93 Reade courtesy WORKac••• I think we knew that the new penthouse atop recently converted 93 Reade (a.k.a. Obsidian House) was going to have a crinkled roof, but I don’t think we’ve actually seen it till now. Bravo! T Magazine has an article about WORKac’s design. The photo above is from WORKac’s website, but the better photos are on the New York Times website. (Don’t miss the slideshow.)

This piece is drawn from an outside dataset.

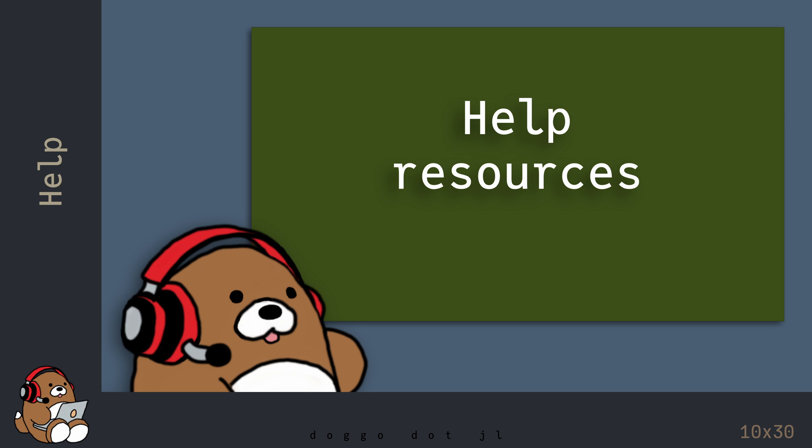In this video, I'm going to share some of the free resources that I use to find answers when I run into a question using Julia. This is not meant to be an exhaustive list, just a small sample of some of the resources available to you.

••• “1 World Trade Center gains popularity in the pantheon of New York kitsch […] You can now buy snow globes with the tower. Or paperweights. Spoon rests. Key chains. Flasks. Compacts. Shot glasses. Or sheer, provocatively cut panties known as cheekies.” —New York Times

••• A Walmart in Florida made a 9/11 display with 12-packs of soda. —Grub Street

••• “A 47-year-old woman was walking with her cell phone in her hand when a man on a bicycle snatched it and fled.” This seems to be happening with increasing frequency. (But what’s the relevance of the victim’s age?) —Tribeca Trib

••• Q&A with state assembly candidate Yuh-Line Niou. —Broadsheet

••• How does Daytonian in Manhattan do it? Now he’s digging into the history of the old firehouse at 173 Franklin. (Who knew: It has a carbon copy at 99 Wooster.)

By the time of that [1902] fire, the former dry goods district had become the wholesale produce and pharmaceutical district. The change in the tenants in the loft buildings brought with it a dangerous threat to the firefighters—chemicals which gave off toxic fumes.

It was a condition that brought unspeakable tragedy to Engine Company 27 on March 26, 1904. The Evening World reported “Every man in engine company No. 27 was disabled in a fire to-day which sent forth choking fumes of gas and smoke at No. 205 Duane street. The men fell unconscious in the burning building, and while they lay on the inside twenty other firemen, who attempted to go to their rescue also fell insensible.”

The five-story building was home to Charles Plunkett’s broom factory. It was the chemicals used to make the brooms that created the lethal fumes.

By the time Engine Company 2 responded, the men of No. 27 were all inside, unconscious or dead. “As they climbed through the smoke from the windows they were overcome and fell insensible into the arms of their comrades, who waited on the street to catch them as they fell.”

Only 30-year old firefighter Thomas McGirr was pulled out alive. It was not the first time that every man of the company was lost in their brave endeavors.  The Evening World reported “Engine Company No. 27 has been wiped out three times. McGirr is the only original member of the company, all of his old comrades having met death in the past three years.” The newspaper added “McGirr hasn’t much chance now, the doctors say.”